I could notice the dark circles around the ex-crew member of the same airline, as she mentioned that she was to attend a late night wedding in Delhi and getting some sleep now would ensure she looked fresh at the wedding. Surprised that she did not have any audio/video or even text content on her phone, I offered her the digital books collection on my phone to browse and pick something to read. 

This is when I noticed how many of  the other passengers had come prepared. They were either reading a book, browsing on the phone, playing games and even watching a movie on their tablet/laptop. My neighbour was probably the only one who was unprepared for what she intended to do, go to sleep.

Reminded me of a very important advice my school teacher gave me: ‘You should never go to bed and go to sleep. You should always first go to sleep and then go to bed.’

Simple as it may sound, but it’s rarely implemented. Many of us literally toss around in bed, not just for minutes, but for hours, trying hard to get sleep in a pitch dark room with zero sound disturbance. Yet, they do not realise that it’s futile to try and sleep that way. The best way to get sleep for me is to either read in the bed or get up and do some other work which will tire me enough at some point, that I will get sleepy.

“Never waste any time you can spend sleeping.”

– Frank H. Knight

Having read Matt Walker’s phenomenal book ‘ Why we Sleep’ last year, I am also aware of the logic and science behind sleeping and the fact that the number of people sleeping too less far exceeds those sleeping too much and sleeping enough. While many claim they can sleep for really long hours, rarely can anyone do it nowadays, except for children during holidays. Our minds are pre-occupied with so many things, we tend to stretch our waking hours way beyond what’s considered as ‘healthy’. If you have not read the book, would surely suggest you do, to understand why 7-8 hours of daily sleep is quite essential for a healthy life. My best quote for the book, is that ‘Its a wake up call to sleep‘.

“Laugh and the world laughs with you, snore and you sleep alone.”

– Anthony Burgess

Of course quality of sleep is as important as quantity. And while the best way to ensure that you have good quality sleep is to have a busy, work filled day, so that your mind would welcome the idea to sleep when you hit the bed, but of course, that’s easier said than done. Meditation surely helps to calm the mind enough to be able to gradually gravitate into a peaceful sleep.
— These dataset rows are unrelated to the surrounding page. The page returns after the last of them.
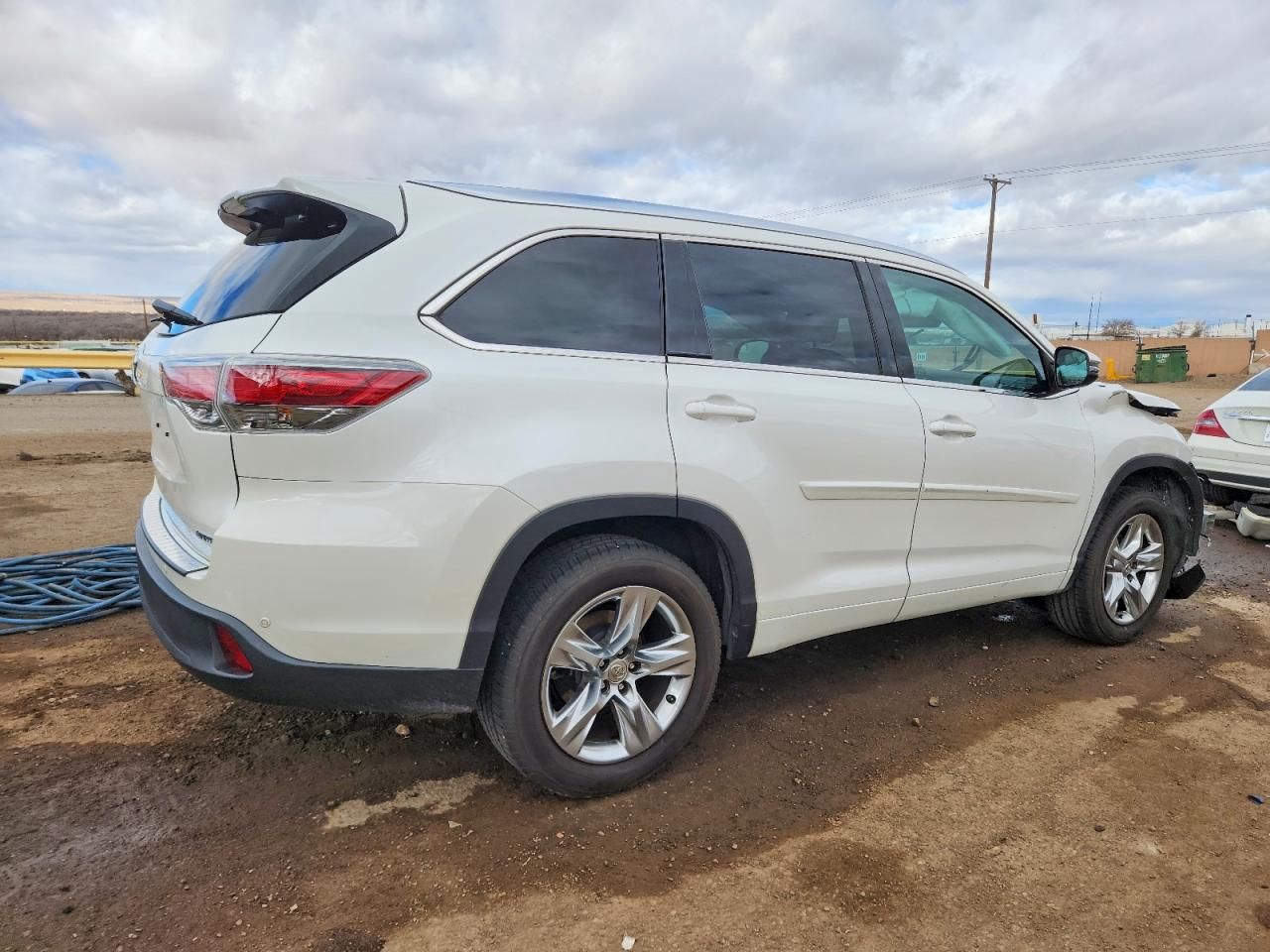 2015 Toyota Highlander Limited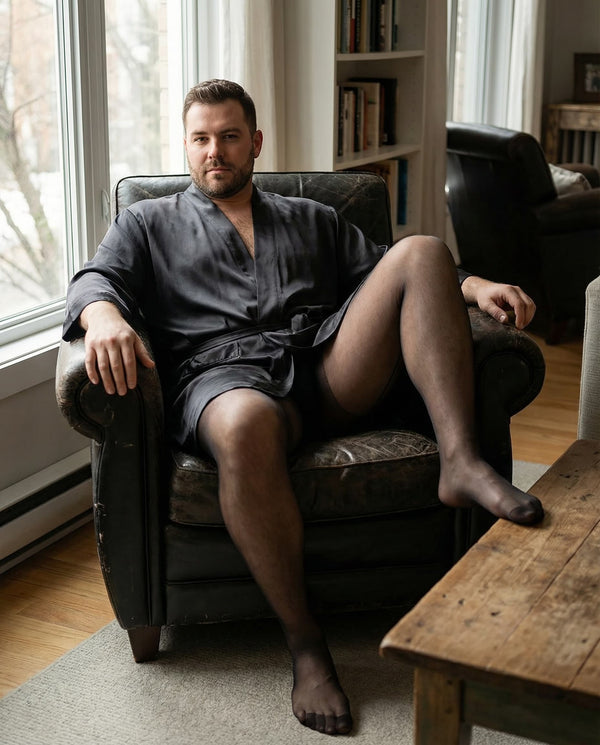 Classic 20 Herrenstrumpfhose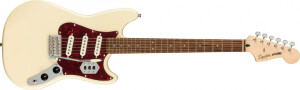 Product detail of Fender Squier Paranormal Cyclone - Pearl White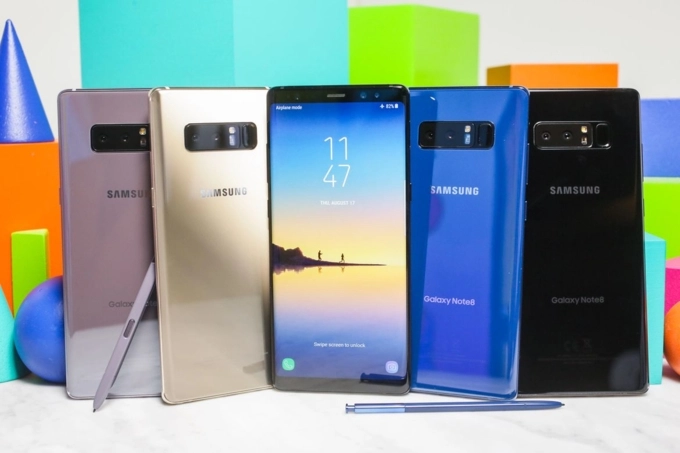 Tổng hợp bộ ảnh 360 độ samsung galaxy note 8 - 23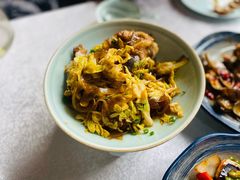 大骨白菜-渔娘渔家丹东海鲜(东直门店)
As important as going to sleep when sleepy, is to be able to wake up without the need for an alarm. To be able to adjust your body clock to align well with the number of hours of sleep you need and to wake up without the tringggggg… of the alarm clock, is the healthiest way. Swamiji has also talked about the concept of ‘pillow alarm’ which is to tell your pillow to wake you up at a specified time. Try it,  it works!!

The pessimists downplay the idea of 8 hours of daily sleep. ” You mean I should spend 1/3rd of my life sleeping? What a waste of time,” they say. But little do they realise, that our productivity goes down and quality of work is anyway impacted by the lack of sleep.

So, when u decide to go to bed tonight, decide if you are really sleeping because Hetal asked you to ensure 8 hours of sleep, or because you are really sleepy!!!

“Nothing cures insomnia like the realization that it’s time to get up.”